Het blijft natuurlijk zo dat bij deze aanpak uit historisch oogpunt een paar vragen gesteld moeten worden. Rijnders heeft zijn opvoering niet naar de tijd van Shakespeare verplaatst, want de opvoering is geen reconstructie van een Elizabethaans spektakel. Zijn abstract decor is van nu, en de speelstijl heeft alles met een gesproken opera te maken, waarbij Rijnders refereert aan een traditie uit de negentiende eeuw. (Het lijkt dan ook logisch dat Rijnders Pierre Audi van de Nederlandse Opera als regisseur voor zijn gezelschap heeft uitgenodigd). Zo is zijn bezig zijn met geschiedenis in de eerste plaats een persoonlijk verhaal. Een stijloefening waarbij eerder een dialoog wordt aangegaan met de recente theatergeschiedenis van Nederland, dan met de geschiedenis van het toneel. Het verworpene - de 'grote' stijl van enkele generaties terug (de Albert van Dalsums, de Paul Steenbergens) - komt als het ver-drongene terug en dringt zich op als een ultieme uitdaging. Rijnders wil aftasten of wat twintig jaar lang door beelden-stormerige theatermakers zo categorisch op zij werd geschoven, toch niet onvervreemdbare kwaliteiten bevat. Hieruit spreekt een sterke nostalgie. En een nood aan traditie en continuïteit, omdat Rijnders ervan overtuigd is dat een culturele activiteit zonder geheugen uiteindelijk doodbloedt.
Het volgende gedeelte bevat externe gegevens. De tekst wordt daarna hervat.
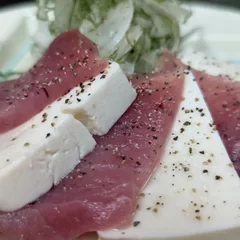 マグロと豆腐のカプレーゼ風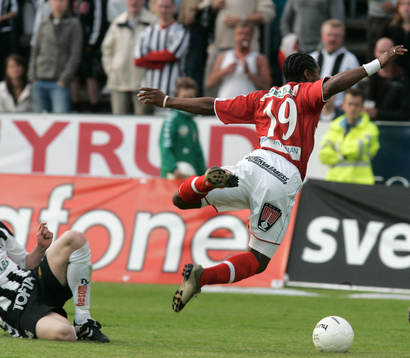 Brima Koroma, Kalmar, får en flygtur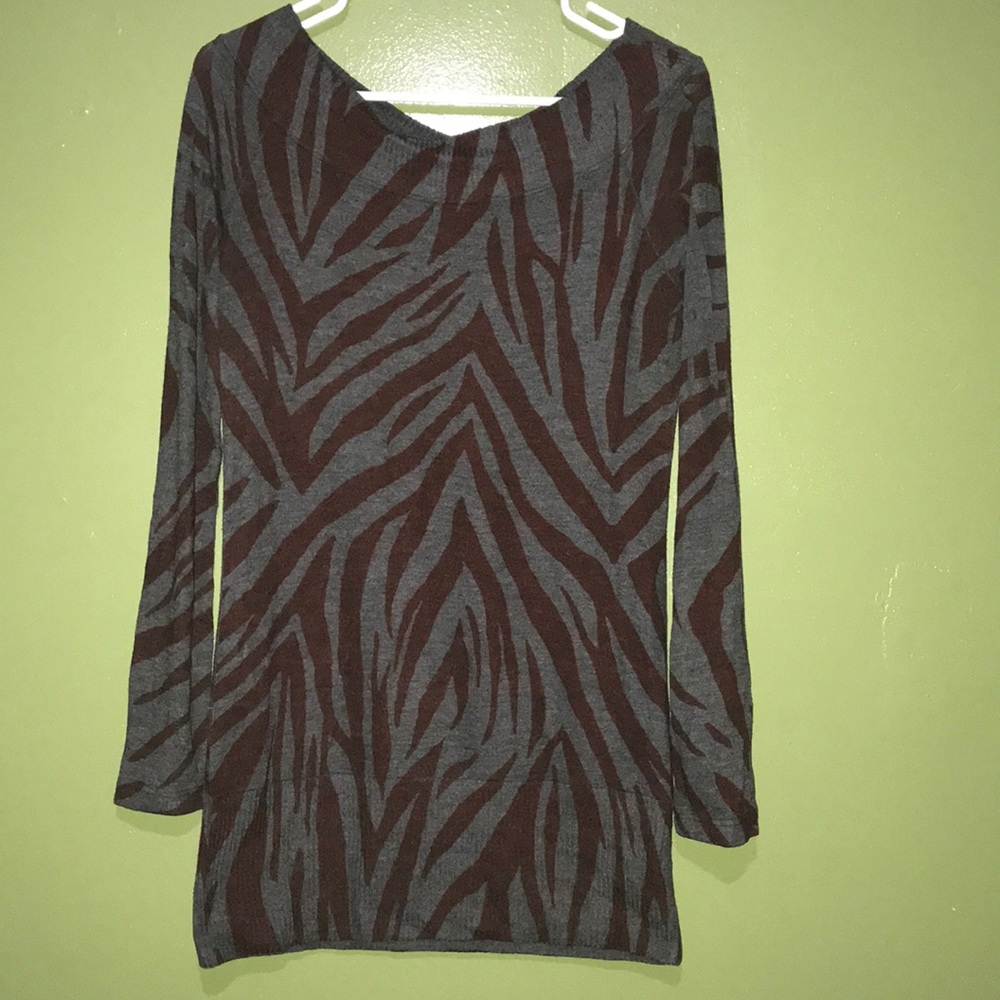 Forever 21 off the shoulder gray and brown zebra print blouse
De uiteindelijke opvoering haalt zijn kracht uit de spanning die ontstaat tussen de wil tot expressie en de dwang van een stijl. Uit deze confrontatie is een Shakespeare-opvoering ontstaan die lang blijft nazinderen, en die veel dieper gaat dan de pogingen van Walter Tillemans met zijn zogenaamd klassieke Koning Lear, of van Franz Marijnen, met een opvoering die bevredigender was door een grotere vakkundigheid van de uitvoerders en het genie van Freek de Jonge. Maar de adem van Shakespeare was alleen te bespeuren bij de Amsterdamse opvoering.